Because this is the thing: I’ve spent almost my whole life being a teacher or a student or somebody’s girl-next-door supercrush. Following scripts that made me lawful good. “Predictably dependable,” as Emma herself put it recently [Marauders #1 – Answerable Auth.]
And I’ve enjoyed being those things. When I’ve hit the eject button on one of them, it was in favor of another. Like when I quit the X-Men to go study at the University of Chicago. Or when I quit the X-Men to go into space with Peter Quill. Or when I was a Cincinnati high school teacher in House of M. Even when I played secret agent with Pete Wisdom (worst boyfriend everrr, by the way, and I can’t believe he’s back in mutant continuity), I was playing the role that he and his team expected: the sweet to his sour, the naïf to his grizzled detective Gary Stu. I’m the responsible one, the A student, the girl who will do the right thing.
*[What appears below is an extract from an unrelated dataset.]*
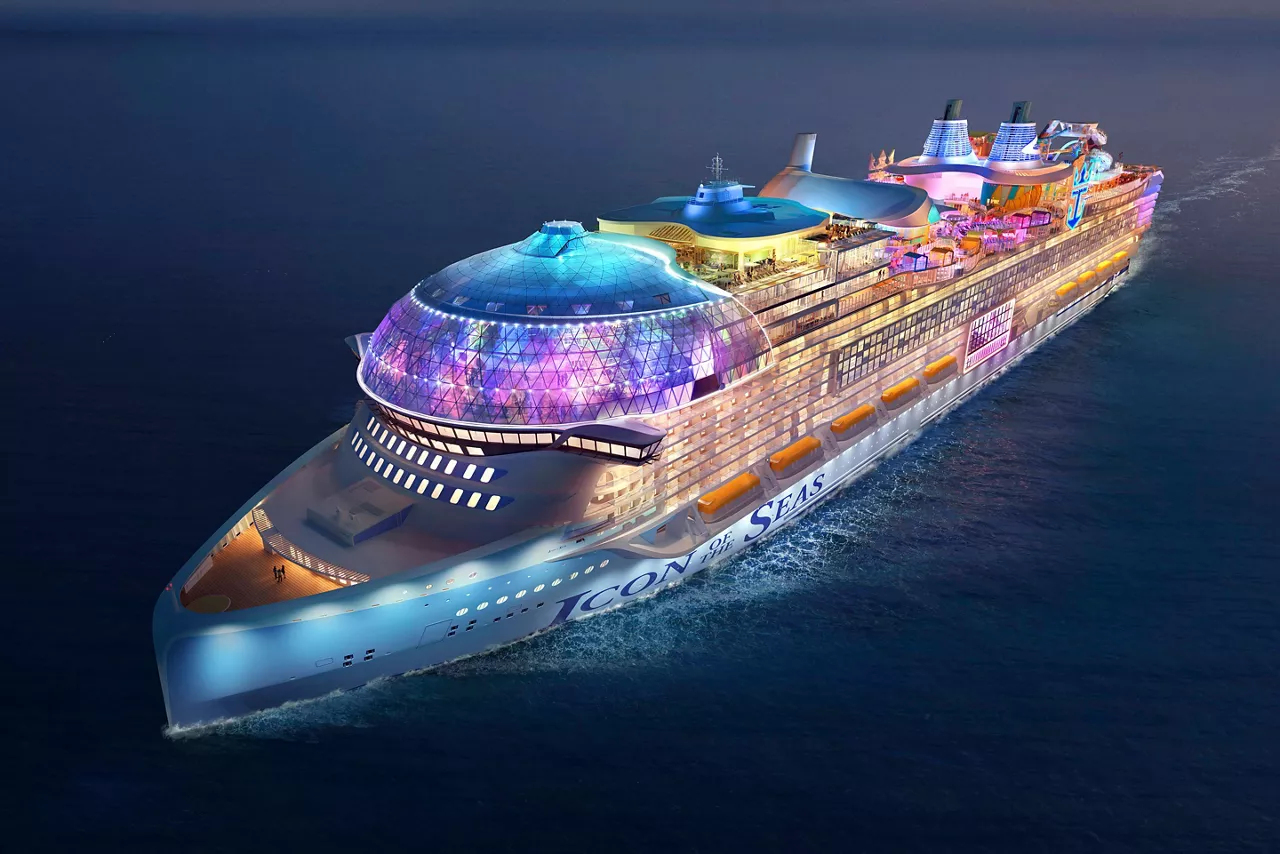 Royal Caribbean Icon of the Seas cruise ship at sea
That’s why it makes sense—to readers, and sometimes to me—to pair me with someone who won’t let me be the good girl, who’s been an authority figure but also been wild. Someone who won’t ask me to keep her safe, or to follow the rules, or to set a good example, or (like Logan) to do as they say, not as they do. Somebody who will respect me as an adult.
Emma was the first person to use my right name: “the X-Men can do a lot of astonishing things,” I told her, “but they can’t do that.” She’s someone who trusts me to make my own mistakes, rather than treating me like “precious treasure.” That’s why I trust her with my secrets. At least when I’m half-drunk. [Marauders #1, #6 and #5, respectively – Alcopop-loving Auth.]
Emma’s all of those things. She’s also openly sexual, in control of her sexuality, in a way that I’ve never quite been, no matter who I’m kissing or who wants to kiss me. She’s somebody who will behave like the id to my superego, and somebody who’s more powerful than me: somebody who’s got some moral ambiguity in her power set, too. (I admit that I could be talking about someone else here, but you asked me about Ms. Frost.)
Some fans think it’s gross that we flirt when we’re both on the ship, because she’s old enough that she could have been my teacher—as she’s noted, she “would have destroyed me”—but I think those fans are missing the point. I’ve been on land, at school, or living on somebody else’s ship (so to speak) for almost my whole life. I’ve been tethered, confined, following rules.
With Emma, I’ve been able–to quote one of my favorite movies–let it go.